*TASK REQUIREMENTS*. Write an exact copy of the entries below that leaves out all pictures.

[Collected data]
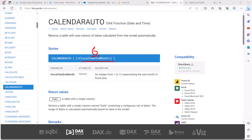CALENDARAUTO has another feature: it automatically recognizes the minimum and maximum dates already present in any of the columns in your data model. It finds the minimum date and the maximum date, and based on the end month value you pass, it generates a calendar starting from the minimum date and ending on the last date of the fiscal year month.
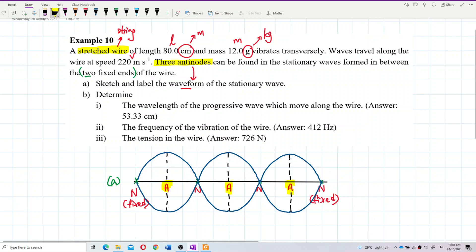Remember, you must label — they ask you to label. That means you must label all the nodes and antinodes. At a node, the amplitude is zero. At an antinode, it has maximum amplitude.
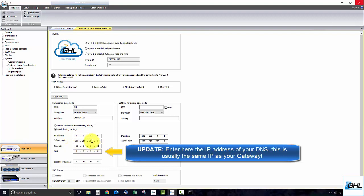Type in the IP address you wish to assign to this device into the IP address field. Make sure that the first three fields match the first three fields of the gateway. The remaining field is where you assign a number within the DHCP range of your network.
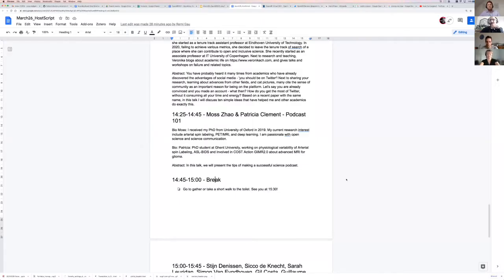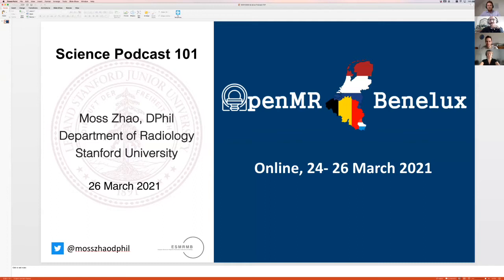Thank you very much. I'd like to begin my talk by thanking the organizing committee for inviting us to share our experience with you today. My name is Mos Zhou, and I'm currently a postdoc researcher at Stanford University. I am very delighted to share my experience on making science podcasts with you.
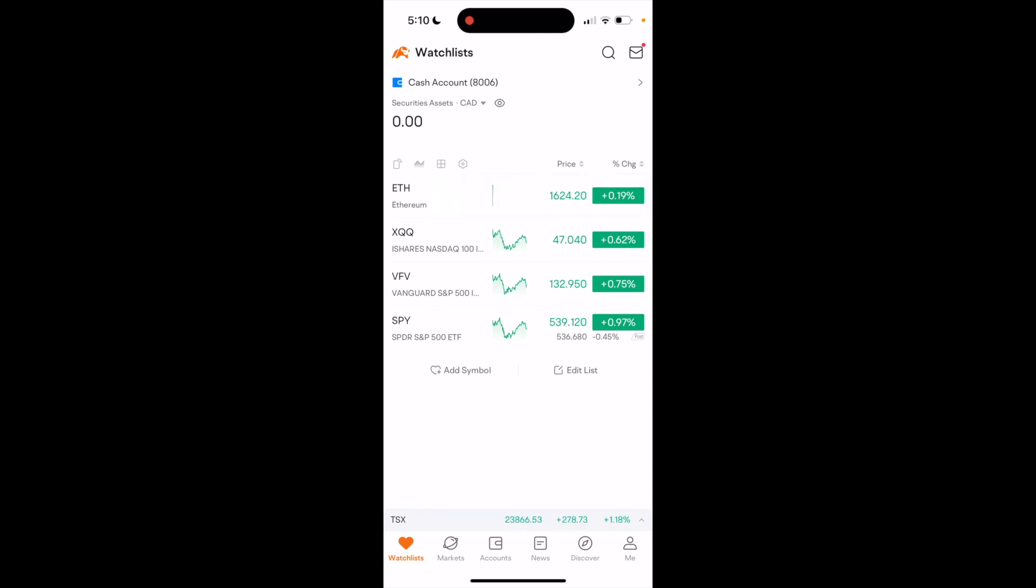So in this Moomoo tutorial video, I'm going to be showing you guys how to invest in Bitcoin here on Moomoo.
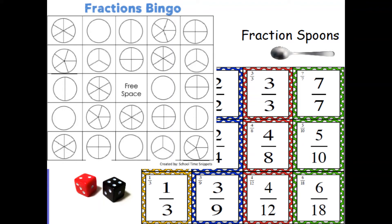I've got two good fraction games for you to play: Fraction Bingo and Fraction Spoons. I found these in great blogs online and I'll put the links to the blogs underneath the video. Thank you to them for the resources. I'll explain how to play them now. I hope you enjoy.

*RESPONSE BELOW*.
CALENDARAUTO has another feature: it automatically recognizes the minimum and maximum dates already present in any of the columns in your data model. It finds the minimum date and the maximum date, and based on the end month value you pass, it generates a calendar starting from the minimum date and ending on the last date of the fiscal year month.
Remember, you must label — they ask you to label. That means you must label all the nodes and antinodes. At a node, the amplitude is zero. At an antinode, it has maximum amplitude.
Type in the IP address you wish to assign to this device into the IP address field. Make sure that the first three fields match the first three fields of the gateway. The remaining field is where you assign a number within the DHCP range of your network.
Thank you very much. I'd like to begin my talk by thanking the organizing committee for inviting us to share our experience with you today. My name is Mos Zhou, and I'm currently a postdoc researcher at Stanford University. I am very delighted to share my experience on making science podcasts with you.
So in this Moomoo tutorial video, I'm going to be showing you guys how to invest in Bitcoin here on Moomoo.
I've got two good fraction games for you to play: Fraction Bingo and Fraction Spoons. I found these in great blogs online and I'll put the links to the blogs underneath the video. Thank you to them for the resources. I'll explain how to play them now. I hope you enjoy.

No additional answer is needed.